A few years later the lawman didn't hesitate to become the first non-military bomb technician in the Ventura-Santa Barbara-San Luis Obispo area. (He trained at the Army's Redstone Arsenal in Alabama, and eventually was appointed commander of the sheriff's bomb team, a post he held for 15 years.)

And the fact that he had no expertise in riding didn't stop McKinley from volunteering to develop and train the mounted sheriff's patrol, which is still used for crowd control.

"I always wanted to be a Western sheriff on horseback," McKinley said.

It's a little like his decision to break into theater with only a semester of acting under his belt.

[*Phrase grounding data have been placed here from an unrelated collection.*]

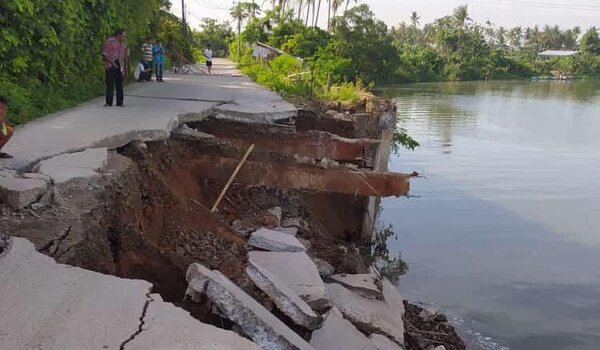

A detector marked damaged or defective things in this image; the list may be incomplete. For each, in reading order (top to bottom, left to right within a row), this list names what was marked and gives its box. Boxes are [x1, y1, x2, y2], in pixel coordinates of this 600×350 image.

broken concrete block [34, 148, 108, 185]
broken concrete block [0, 172, 48, 209]
broken concrete block [246, 228, 308, 253]
broken concrete block [127, 292, 258, 350]
broken concrete block [186, 262, 314, 350]
broken concrete block [247, 256, 326, 330]
broken concrete block [247, 252, 330, 312]
broken concrete block [312, 258, 336, 278]
broken concrete block [310, 306, 376, 350]
broken concrete block [330, 274, 382, 300]
broken concrete block [326, 284, 406, 344]
broken concrete block [368, 334, 400, 350]
broken concrete block [382, 278, 406, 318]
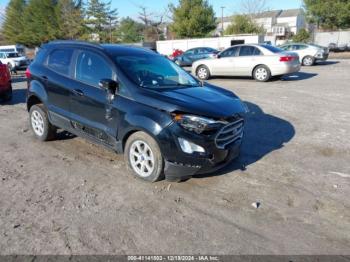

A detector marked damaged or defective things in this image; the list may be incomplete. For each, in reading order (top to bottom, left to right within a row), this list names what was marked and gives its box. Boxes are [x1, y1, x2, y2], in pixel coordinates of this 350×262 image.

cracked headlight [172, 113, 224, 134]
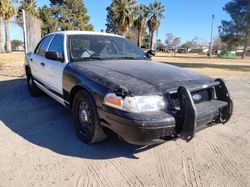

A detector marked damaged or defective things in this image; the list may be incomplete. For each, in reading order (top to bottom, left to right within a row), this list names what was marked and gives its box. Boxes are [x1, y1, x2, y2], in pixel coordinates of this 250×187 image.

damaged sedan [24, 31, 233, 145]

Actually, McKinley made another stage appearance three years ago in a work titled "Saints and Sinners," put on by his church, Sacred Heart in Saticoy. He was an understudy catapulted onto center stage when the emcee became ill. He got the itch.

He ignored it until this spring. Then his 15-year-old daughter, Julie, youngest of the three McKinley children, asked him to drive her to an acting class at the college. He figured he might as well sign up for the heck of it. Director Jay Varela gave him the part.

"He has a fatherly quality that is very, very nice," the director said, "There were others who knew a lot more about singing, but they didn't look right."

Varela has been pleased with McKinley's dedication. "It's as if he were a 17-year-old," he said. "He gets here early--he drills--he does absolutely whatever you tell him to do. He's had to learn a lot."

For his part, McKinley is frankly in love with the play--a Romeo-and-Juliet story with an upbeat ending. Beyond the comedy, he said, "It's a great metaphor."

Demonstrating his depth of feeling, he recites lines from the play's hit tune, "Try To Remember": "Deep in December, it's nice to remember, without a hurt the heart is hollow. . . . "

He might even take up acting full time, he said, after his retirement. It could be used for something beyond entertainment--perhaps the police department's drug and alcohol education program, DARE.

In the meantime, "It is a great stress-reliever," he said, "It transposes you into somewhere you are not. But it's more than a temporary escape. It's got to feed the memory and feed the dream."

* WHERE AND WHEN: "The Fantasticks" continues its run at the Ventura College Theatre on Loma Vista between Day and Ashwood tonight, Friday and Saturday at 8 p.m. A Sunday matinee is at 3 p.m. The box office opens half an hour before show time. General admission seats are $10; $7 for seniors, students and staff; and $5 for 10 or more tickets bought in advance. Free parking is available.